Эти плодотворные теории на десятилетия определили пути изучения дворянства. Майкл Конфино и Борис Миронов, Дуглас Смит и Ольга Глаголева, Виртшафтер и Уиттакер, а также многие другие исследовали мемуары, прозу и поэзию, культурные привычки, одежду и портреты, характер общения с крепостными, провинциальную помещичью жизнь. В целом они отвергают тезис о психологической «потерянности» российского дворянства XVIII века: в их трудах оно предстает как крепко укорененное сословие, преданное государству и службе, связанное с семьей и корпоративной группой, приверженное идее установления социальной справедливости через улучшение нравственности. Есть труды, посвященные тому, как интеллектуалы XVIII века восприняли свойственный православию образ России как земного рая, придав ему пасторальный оттенок. Русское царство изображалось как хорошо устроенный сад, благословенный Богом, но, кроме того, владельцы усадеб разводили в них собственные сады, удовлетворяя своей интерес к ботанике или поддаваясь окрашенной в сентиментальные тона рефлексии. Обитание в такой гармоничной среде выражало принятие – на базовом уровне – государства, общества и самого себя.
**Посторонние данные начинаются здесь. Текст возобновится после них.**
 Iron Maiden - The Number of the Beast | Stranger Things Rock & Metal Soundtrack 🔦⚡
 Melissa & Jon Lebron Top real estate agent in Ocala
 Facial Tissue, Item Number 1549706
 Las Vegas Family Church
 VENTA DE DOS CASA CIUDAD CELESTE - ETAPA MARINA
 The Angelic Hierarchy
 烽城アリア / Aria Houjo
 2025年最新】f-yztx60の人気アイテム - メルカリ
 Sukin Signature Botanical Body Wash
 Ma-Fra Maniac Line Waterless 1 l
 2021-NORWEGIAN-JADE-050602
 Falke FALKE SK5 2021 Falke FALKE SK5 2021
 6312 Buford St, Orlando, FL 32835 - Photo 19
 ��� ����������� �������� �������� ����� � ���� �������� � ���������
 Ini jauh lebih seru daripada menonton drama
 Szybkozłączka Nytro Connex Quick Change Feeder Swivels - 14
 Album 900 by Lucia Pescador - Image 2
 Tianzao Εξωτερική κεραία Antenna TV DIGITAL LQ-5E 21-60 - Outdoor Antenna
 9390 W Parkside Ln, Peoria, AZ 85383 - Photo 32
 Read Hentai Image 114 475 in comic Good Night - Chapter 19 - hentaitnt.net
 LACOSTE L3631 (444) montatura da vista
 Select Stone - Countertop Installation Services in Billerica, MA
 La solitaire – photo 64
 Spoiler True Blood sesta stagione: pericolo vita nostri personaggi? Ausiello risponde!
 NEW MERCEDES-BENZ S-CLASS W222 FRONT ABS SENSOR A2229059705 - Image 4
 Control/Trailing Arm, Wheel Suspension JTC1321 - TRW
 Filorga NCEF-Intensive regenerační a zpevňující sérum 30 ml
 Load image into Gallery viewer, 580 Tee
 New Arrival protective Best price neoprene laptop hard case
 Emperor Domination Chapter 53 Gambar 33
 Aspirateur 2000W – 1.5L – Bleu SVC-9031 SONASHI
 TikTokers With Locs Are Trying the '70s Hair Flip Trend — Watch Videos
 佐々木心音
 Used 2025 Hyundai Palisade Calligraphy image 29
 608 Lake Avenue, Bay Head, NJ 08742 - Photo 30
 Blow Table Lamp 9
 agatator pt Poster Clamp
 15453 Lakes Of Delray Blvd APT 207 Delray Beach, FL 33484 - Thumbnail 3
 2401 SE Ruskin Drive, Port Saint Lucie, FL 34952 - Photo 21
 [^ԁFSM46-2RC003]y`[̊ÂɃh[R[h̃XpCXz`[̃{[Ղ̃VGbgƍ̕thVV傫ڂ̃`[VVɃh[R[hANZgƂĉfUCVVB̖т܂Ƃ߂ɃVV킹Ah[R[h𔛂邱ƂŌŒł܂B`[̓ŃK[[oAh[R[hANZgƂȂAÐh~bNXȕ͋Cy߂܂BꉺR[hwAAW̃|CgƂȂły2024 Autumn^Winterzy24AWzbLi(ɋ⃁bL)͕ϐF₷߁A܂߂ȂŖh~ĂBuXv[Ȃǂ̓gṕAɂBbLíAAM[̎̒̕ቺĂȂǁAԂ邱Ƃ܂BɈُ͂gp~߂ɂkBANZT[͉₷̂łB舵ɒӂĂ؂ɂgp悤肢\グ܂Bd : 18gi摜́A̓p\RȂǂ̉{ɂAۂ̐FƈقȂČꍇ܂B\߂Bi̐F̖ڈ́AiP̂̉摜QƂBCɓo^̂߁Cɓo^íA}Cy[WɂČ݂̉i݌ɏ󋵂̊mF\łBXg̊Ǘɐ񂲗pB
Следует отметить, что русское дворянство не было однородным в том, что касается политических предпочтений, культуры, повседневного поведения. Кое-кто желал установления социальной справедливости, о чем свидетельствовало большое количество масонских лож, где политические дискуссии, как правило, велись достаточно свободно. Разумеется, как продемонстрировали Присцилла Рузвельт и Дуглас Смит, некоторые дворяне манипулировали своими крепостными как объектами в воображаемых мирах. Но эти крайности в целом нехарактерны для дворянства и образованной элиты в Российской империи XVIII века. Российская элита была консервативной по своей сути и без труда сочетала просвещенческое учение о свободе и саморазвитии с нравственными императивами «просвещенного православия», подразумевавшими естественные изменения, которые происходят в душе человека, семье и обществе. Уже тогда русские дворяне сожалели о культурной пропасти между ними, представителями европеизированной элиты, и крестьянами, приверженными традиции; Карамзин позволял себе нехарактерную для того времени критику петровских реформ, приведших к европеизации. Но преодолеть эту пропасть они надеялись через личное совершенствование, а не через институциональные изменения.